__Task directions__: The expected answer is every line of the material that contains the word "leather".

○ ○ ○ ○ ○

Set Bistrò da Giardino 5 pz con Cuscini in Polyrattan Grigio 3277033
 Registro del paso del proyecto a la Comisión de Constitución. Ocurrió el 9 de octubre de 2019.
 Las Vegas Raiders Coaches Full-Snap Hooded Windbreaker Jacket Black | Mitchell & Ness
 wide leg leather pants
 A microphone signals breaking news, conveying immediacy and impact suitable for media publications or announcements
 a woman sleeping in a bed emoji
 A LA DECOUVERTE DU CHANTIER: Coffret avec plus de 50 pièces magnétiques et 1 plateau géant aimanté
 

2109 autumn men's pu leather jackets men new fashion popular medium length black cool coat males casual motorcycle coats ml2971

○ ○ ○ ○ ○

__Exercise response__:
 wide leg leather pants
2109 autumn men's pu leather jackets men new fashion popular medium length black cool coat males casual motorcycle coats ml2971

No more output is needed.